-- Opening Marker --
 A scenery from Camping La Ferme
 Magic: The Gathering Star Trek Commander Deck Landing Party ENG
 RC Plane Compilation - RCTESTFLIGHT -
-- Closing Marker --
-- Opening Marker --
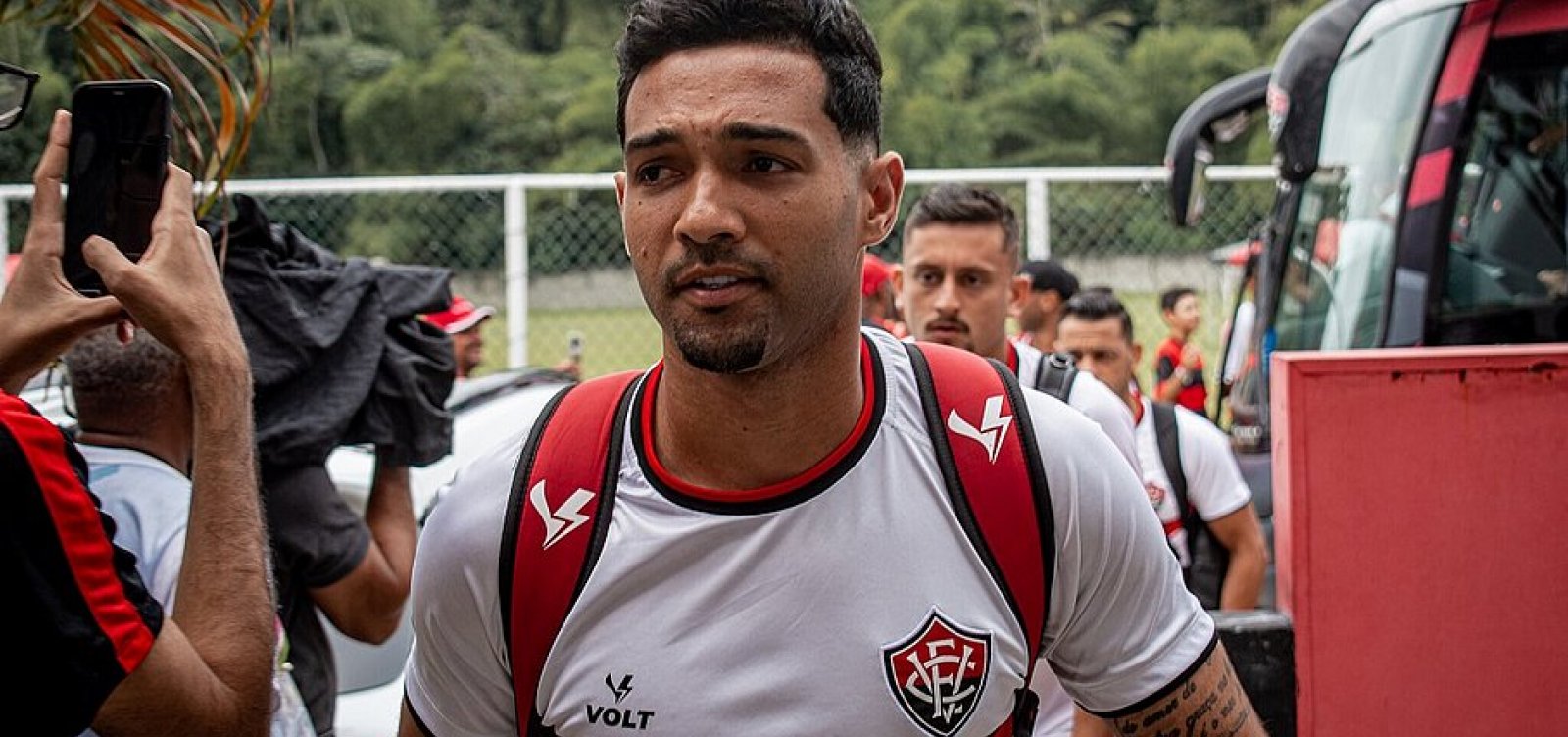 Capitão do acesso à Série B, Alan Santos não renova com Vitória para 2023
-- Closing Marker --
What is needed: All lines above from the line with "A scenery from Camping La Ferme" through the line with "RC Plane Compilation", both included, are to be set down exactly, with nothing else.

Task solution:
 A scenery from Camping La Ferme
 Magic: The Gathering Star Trek Commander Deck Landing Party ENG
 RC Plane Compilation - RCTESTFLIGHT -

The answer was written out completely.